A description/proof of that cardinality of multiple times multiplication of set is that times multiplication of cardinality of set
Topics
About: set
The table of contents of this article
Starting Context
- The reader knows a definition of set.
- The reader knows a definition of multiplication of set.
- The reader knows a definition of cardinality of set.
Target Context
- The reader will have a description and a proof of the proposition that for any set and any natural number, the cardinality of the number times multiplication of the set is the number times multiplication of the cardinality of the set.
Orientation
There is a list of definitions discussed so far in this site.
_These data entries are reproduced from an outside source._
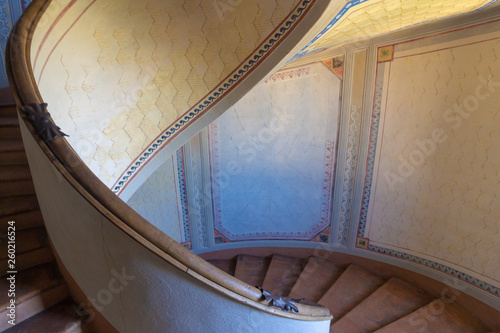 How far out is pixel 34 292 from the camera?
3.41ft

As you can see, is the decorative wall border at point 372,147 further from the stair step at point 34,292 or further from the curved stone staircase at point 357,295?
the stair step at point 34,292

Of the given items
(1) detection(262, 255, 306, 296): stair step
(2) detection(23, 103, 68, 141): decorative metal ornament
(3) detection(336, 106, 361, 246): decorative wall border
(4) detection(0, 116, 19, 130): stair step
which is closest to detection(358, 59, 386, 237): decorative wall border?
(3) detection(336, 106, 361, 246): decorative wall border

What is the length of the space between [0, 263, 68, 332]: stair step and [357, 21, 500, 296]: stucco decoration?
3212mm

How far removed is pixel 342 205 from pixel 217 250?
1985 millimetres

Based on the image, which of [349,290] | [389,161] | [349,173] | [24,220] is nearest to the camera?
[24,220]

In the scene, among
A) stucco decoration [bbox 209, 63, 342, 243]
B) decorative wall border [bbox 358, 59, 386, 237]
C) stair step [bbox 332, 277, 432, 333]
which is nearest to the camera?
stair step [bbox 332, 277, 432, 333]

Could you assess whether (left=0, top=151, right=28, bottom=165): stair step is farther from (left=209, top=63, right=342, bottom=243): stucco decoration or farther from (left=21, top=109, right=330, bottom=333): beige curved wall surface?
(left=209, top=63, right=342, bottom=243): stucco decoration

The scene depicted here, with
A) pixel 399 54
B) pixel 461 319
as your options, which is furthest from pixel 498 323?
pixel 399 54

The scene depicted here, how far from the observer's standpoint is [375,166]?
3234 mm

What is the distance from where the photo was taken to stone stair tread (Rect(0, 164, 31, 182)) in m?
1.39

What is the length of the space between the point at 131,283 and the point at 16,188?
3.55 ft

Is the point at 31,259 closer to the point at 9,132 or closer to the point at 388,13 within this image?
Answer: the point at 9,132

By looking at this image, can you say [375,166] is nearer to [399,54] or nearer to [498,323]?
[399,54]

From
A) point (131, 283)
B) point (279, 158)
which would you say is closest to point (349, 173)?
point (279, 158) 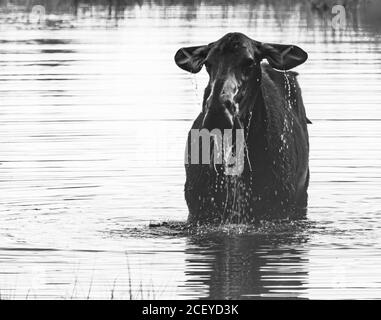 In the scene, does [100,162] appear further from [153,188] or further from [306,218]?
[306,218]

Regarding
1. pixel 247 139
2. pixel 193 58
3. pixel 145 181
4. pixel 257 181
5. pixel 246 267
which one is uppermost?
pixel 193 58

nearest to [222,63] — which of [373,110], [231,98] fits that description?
[231,98]

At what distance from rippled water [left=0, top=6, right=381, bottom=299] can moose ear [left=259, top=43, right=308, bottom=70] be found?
4.27 feet

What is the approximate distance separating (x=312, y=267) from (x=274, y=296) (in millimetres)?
1046

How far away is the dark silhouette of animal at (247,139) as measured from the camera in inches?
476

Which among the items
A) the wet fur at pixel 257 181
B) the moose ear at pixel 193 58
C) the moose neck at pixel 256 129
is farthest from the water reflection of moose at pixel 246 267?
the moose ear at pixel 193 58

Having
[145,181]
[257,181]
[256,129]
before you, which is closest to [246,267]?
[257,181]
There is a list of propositions discussed so far in this site.
Main Body
1: Description
For any set, \(S\), and any natural number, \(n\), \(card (S \times S \times . . . \times S) = card S card S . . . card S\), where the both hand sides multiplications are \(n\) times multiplications.
2: Proof
For \(n = 1\), \(card S = card S\).
Let us suppose that for an \(n\), \(card (S \times S \times . . . \times S) = card S card S . . . card S\) where the both hand sides multiplications are \(n\) times multiplications. \(card (S \times S \times . . . \times S)\), where the multiplication is the \(n + 1\) times multiplication, is \(card ((S \times S \times . . . \times S) \times S) = card (S \times S \times . . . \times S) card S\) by the definition of arithmetic of cardinalities. \(card (S \times S \times . . . \times S) card S = card S card S . . . card S card S\) by the supposition, so, \(card (S \times S \times . . . \times S) = card S card S . . . card S\) where the both hand sides multiplications are \(n + 1\) times multiplications.
So, by the mathematical induction principle, for any natural number, \(n\), \(card (S \times S \times . . . \times S) = card S card S . . . card S\) where the both hand sides multiplications are \(n\) times multiplications.
3: Note
By the proposition that for the cardinality of any set, any 'natural number'-th power of the cardinality is the natural number times multiplication of the cardinality, \(card (S \times S \times . . . \times S) = (card S)^n\) holds, whose right hand side is not really defined to be the \(n\) times multiplication of \(card S\).